[Brief descriptive captions]
++++

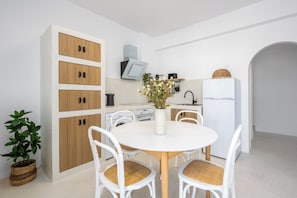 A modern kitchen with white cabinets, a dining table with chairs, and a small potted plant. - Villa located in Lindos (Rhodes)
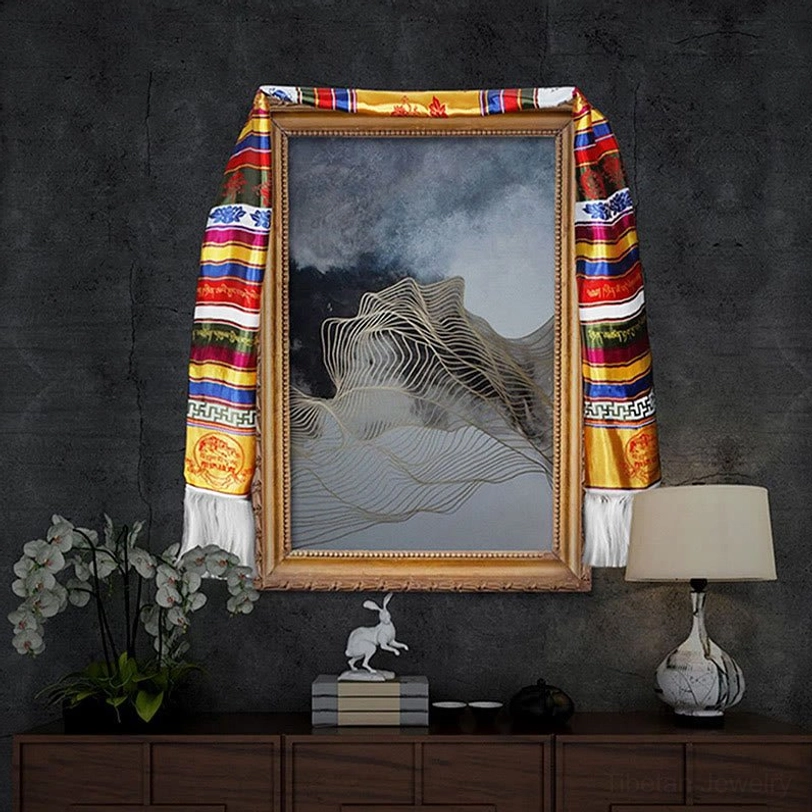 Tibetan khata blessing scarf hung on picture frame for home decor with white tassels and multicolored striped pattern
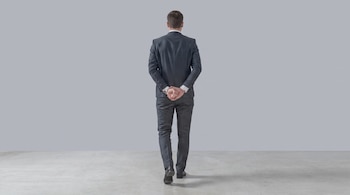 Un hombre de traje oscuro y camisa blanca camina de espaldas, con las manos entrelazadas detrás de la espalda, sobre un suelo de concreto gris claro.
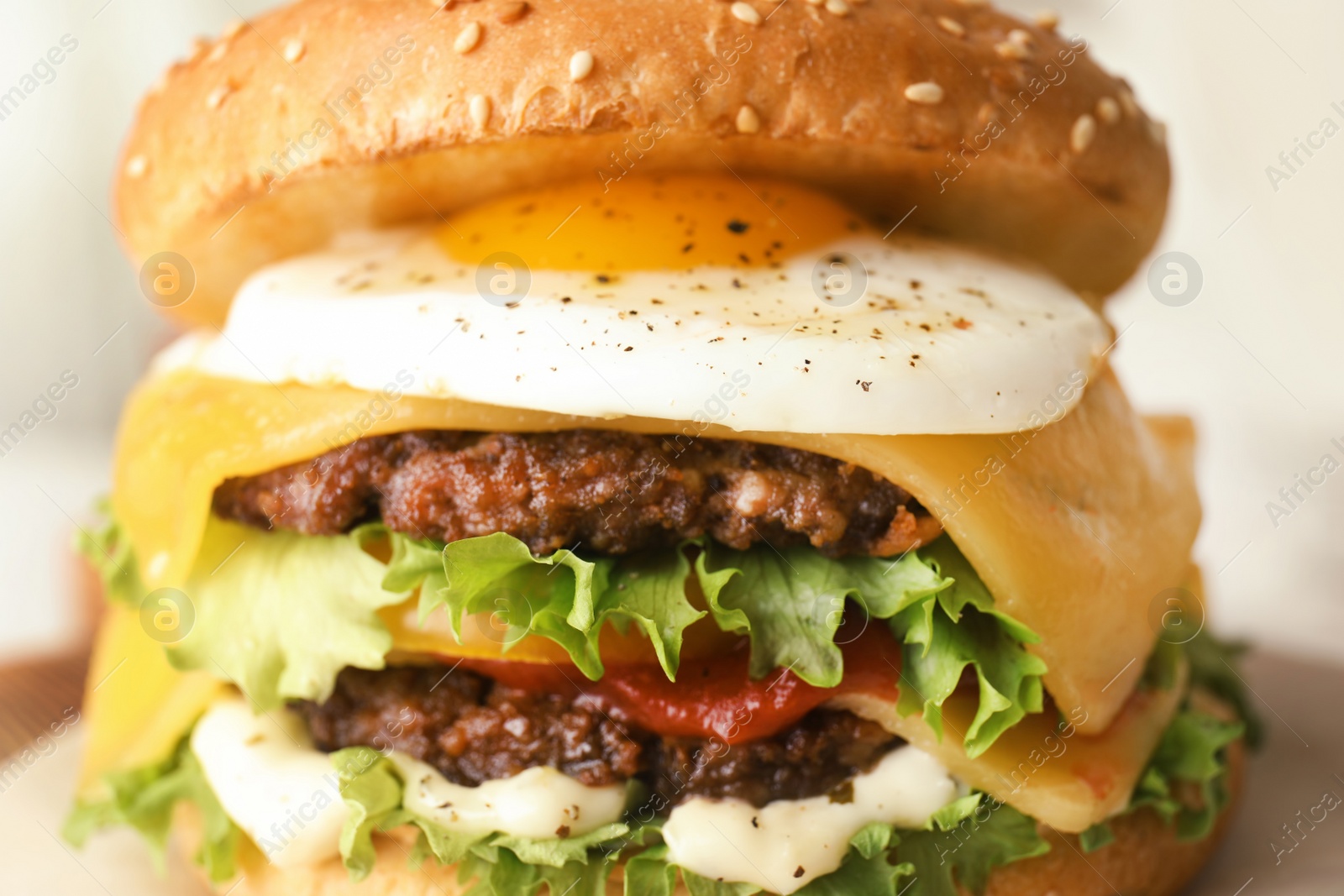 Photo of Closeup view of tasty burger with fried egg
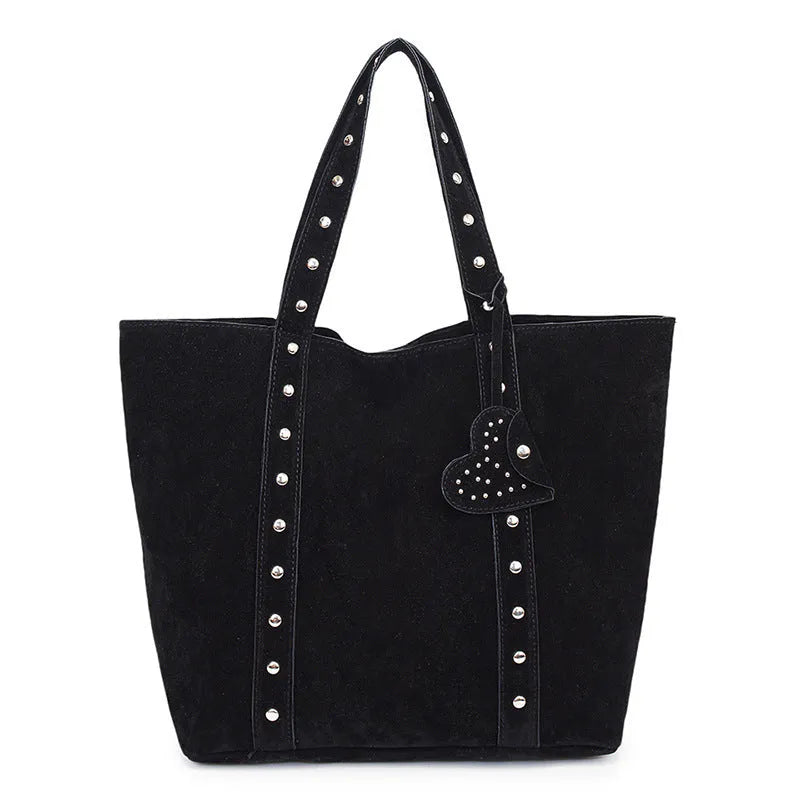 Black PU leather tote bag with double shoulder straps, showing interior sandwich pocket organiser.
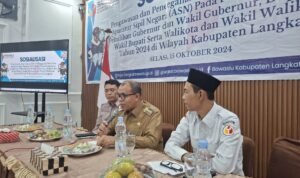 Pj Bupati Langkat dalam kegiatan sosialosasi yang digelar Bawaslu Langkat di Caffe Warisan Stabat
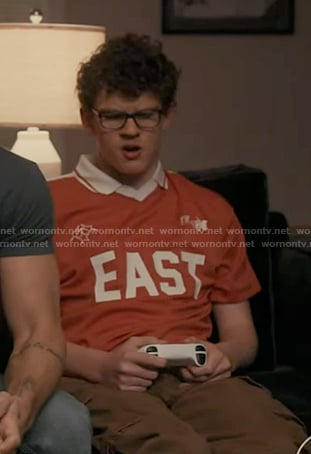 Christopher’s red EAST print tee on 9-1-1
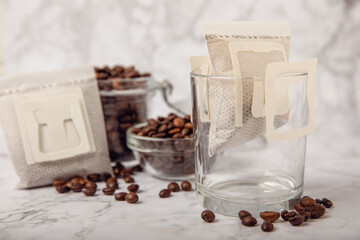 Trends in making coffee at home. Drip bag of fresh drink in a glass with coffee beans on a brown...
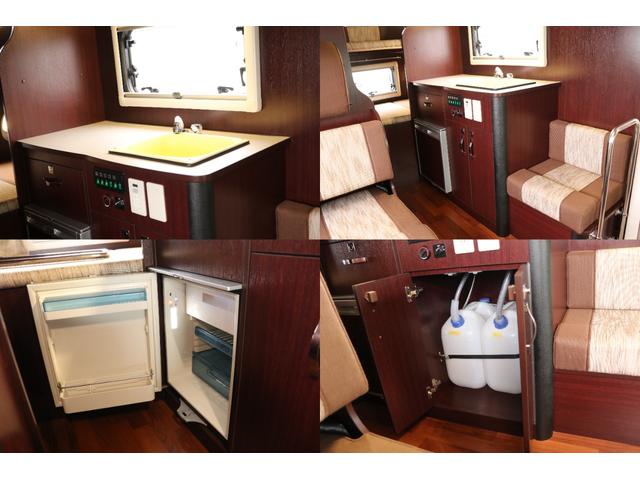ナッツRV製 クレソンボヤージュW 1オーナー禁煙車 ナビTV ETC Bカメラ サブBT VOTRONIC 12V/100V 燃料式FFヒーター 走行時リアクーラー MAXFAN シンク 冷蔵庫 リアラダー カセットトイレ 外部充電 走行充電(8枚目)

++++

» **EXERCISE GOAL**
No pictures belong in the output. It should reproduce exactly the lines from the one containing "Trends in making" through the end of the data, both ends included.

» **EXERCISE ANSWER**
 Trends in making coffee at home. Drip bag of fresh drink in a glass with coffee beans on a brown...
ナッツRV製 クレソンボヤージュW 1オーナー禁煙車 ナビTV ETC Bカメラ サブBT VOTRONIC 12V/100V 燃料式FFヒーター 走行時リアクーラー MAXFAN シンク 冷蔵庫 リアラダー カセットトイレ 外部充電 走行充電(8枚目)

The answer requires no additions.